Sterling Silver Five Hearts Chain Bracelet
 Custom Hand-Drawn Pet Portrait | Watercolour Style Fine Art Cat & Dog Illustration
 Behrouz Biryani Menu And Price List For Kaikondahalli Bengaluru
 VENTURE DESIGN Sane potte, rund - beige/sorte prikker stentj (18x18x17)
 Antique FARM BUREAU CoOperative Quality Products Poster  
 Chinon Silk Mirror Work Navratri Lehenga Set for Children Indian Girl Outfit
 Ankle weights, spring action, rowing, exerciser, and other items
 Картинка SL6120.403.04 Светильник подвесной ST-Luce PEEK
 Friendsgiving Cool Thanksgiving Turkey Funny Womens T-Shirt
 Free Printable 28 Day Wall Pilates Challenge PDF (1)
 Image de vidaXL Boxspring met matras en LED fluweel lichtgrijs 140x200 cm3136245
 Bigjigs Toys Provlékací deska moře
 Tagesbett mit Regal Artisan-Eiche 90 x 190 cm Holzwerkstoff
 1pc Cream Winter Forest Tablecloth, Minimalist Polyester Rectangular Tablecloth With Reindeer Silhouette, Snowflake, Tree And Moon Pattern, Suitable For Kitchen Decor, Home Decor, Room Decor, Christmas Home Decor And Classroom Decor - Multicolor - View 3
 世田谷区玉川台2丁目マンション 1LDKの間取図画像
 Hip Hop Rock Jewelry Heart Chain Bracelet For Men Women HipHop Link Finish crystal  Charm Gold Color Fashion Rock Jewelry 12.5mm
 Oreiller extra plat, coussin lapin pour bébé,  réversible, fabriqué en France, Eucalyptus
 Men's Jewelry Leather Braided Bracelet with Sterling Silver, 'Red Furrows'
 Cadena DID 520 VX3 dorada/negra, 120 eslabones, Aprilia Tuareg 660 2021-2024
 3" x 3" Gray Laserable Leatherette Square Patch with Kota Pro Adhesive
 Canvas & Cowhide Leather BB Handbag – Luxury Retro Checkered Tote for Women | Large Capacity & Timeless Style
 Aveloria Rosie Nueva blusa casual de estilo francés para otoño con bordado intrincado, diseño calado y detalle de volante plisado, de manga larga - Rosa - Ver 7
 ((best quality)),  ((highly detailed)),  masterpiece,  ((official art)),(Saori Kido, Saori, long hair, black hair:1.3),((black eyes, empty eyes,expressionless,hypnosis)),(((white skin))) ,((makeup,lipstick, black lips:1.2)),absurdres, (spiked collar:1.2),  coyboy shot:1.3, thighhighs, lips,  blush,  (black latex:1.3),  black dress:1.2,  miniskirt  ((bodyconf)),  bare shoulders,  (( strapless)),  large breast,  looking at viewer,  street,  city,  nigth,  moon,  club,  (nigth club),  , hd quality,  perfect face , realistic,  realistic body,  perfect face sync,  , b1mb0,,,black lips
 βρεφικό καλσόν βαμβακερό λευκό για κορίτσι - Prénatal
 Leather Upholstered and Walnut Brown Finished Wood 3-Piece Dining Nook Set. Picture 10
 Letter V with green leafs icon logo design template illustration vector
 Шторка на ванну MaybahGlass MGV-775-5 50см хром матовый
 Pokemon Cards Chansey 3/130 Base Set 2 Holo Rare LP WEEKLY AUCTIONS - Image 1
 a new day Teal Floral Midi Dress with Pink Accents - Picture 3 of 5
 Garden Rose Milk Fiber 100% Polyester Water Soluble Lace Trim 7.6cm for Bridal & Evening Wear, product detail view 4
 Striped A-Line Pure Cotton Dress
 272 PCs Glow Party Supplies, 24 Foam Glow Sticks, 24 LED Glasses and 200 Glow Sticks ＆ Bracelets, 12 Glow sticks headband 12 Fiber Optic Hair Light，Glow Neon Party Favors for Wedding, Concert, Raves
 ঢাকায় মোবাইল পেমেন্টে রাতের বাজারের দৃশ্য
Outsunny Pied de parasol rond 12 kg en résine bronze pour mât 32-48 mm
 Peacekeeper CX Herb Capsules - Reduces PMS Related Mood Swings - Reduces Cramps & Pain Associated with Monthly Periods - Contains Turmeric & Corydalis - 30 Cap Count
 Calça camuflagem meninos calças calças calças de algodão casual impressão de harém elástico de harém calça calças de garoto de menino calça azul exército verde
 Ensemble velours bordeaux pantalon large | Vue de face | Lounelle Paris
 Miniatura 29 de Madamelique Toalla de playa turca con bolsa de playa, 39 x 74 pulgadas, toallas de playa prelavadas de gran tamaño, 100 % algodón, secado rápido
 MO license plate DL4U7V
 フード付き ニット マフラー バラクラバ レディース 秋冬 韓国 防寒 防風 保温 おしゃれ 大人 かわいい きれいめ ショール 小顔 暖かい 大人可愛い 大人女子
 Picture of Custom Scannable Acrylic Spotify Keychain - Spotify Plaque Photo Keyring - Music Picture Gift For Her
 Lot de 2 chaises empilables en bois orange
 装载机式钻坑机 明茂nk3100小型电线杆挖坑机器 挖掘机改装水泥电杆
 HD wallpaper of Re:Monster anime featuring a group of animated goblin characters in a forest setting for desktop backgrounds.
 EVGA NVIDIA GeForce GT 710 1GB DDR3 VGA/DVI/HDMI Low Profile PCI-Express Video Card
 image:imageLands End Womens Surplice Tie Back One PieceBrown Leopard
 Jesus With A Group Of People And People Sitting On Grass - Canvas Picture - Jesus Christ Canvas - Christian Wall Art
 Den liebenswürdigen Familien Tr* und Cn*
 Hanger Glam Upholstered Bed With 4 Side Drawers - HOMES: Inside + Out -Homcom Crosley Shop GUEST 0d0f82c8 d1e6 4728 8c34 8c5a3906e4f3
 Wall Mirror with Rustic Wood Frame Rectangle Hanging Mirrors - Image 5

- EXERCISE DESCRIPTION:
Could you reproduce exactly the lines of the entries above, from the one with "272 PCs Glow" through the one with "image:imageLands End Womens", and nothing else?

- WRITTEN RESPONSE:
 272 PCs Glow Party Supplies, 24 Foam Glow Sticks, 24 LED Glasses and 200 Glow Sticks ＆ Bracelets, 12 Glow sticks headband 12 Fiber Optic Hair Light，Glow Neon Party Favors for Wedding, Concert, Raves
 ঢাকায় মোবাইল পেমেন্টে রাতের বাজারের দৃশ্য
Outsunny Pied de parasol rond 12 kg en résine bronze pour mât 32-48 mm
 Peacekeeper CX Herb Capsules - Reduces PMS Related Mood Swings - Reduces Cramps & Pain Associated with Monthly Periods - Contains Turmeric & Corydalis - 30 Cap Count
 Calça camuflagem meninos calças calças calças de algodão casual impressão de harém elástico de harém calça calças de garoto de menino calça azul exército verde
 Ensemble velours bordeaux pantalon large | Vue de face | Lounelle Paris
 Miniatura 29 de Madamelique Toalla de playa turca con bolsa de playa, 39 x 74 pulgadas, toallas de playa prelavadas de gran tamaño, 100 % algodón, secado rápido
 MO license plate DL4U7V
 フード付き ニット マフラー バラクラバ レディース 秋冬 韓国 防寒 防風 保温 おしゃれ 大人 かわいい きれいめ ショール 小顔 暖かい 大人可愛い 大人女子
 Picture of Custom Scannable Acrylic Spotify Keychain - Spotify Plaque Photo Keyring - Music Picture Gift For Her
 Lot de 2 chaises empilables en bois orange
 装载机式钻坑机 明茂nk3100小型电线杆挖坑机器 挖掘机改装水泥电杆
 HD wallpaper of Re:Monster anime featuring a group of animated goblin characters in a forest setting for desktop backgrounds.
 EVGA NVIDIA GeForce GT 710 1GB DDR3 VGA/DVI/HDMI Low Profile PCI-Express Video Card
 image:imageLands End Womens Surplice Tie Back One PieceBrown Leopard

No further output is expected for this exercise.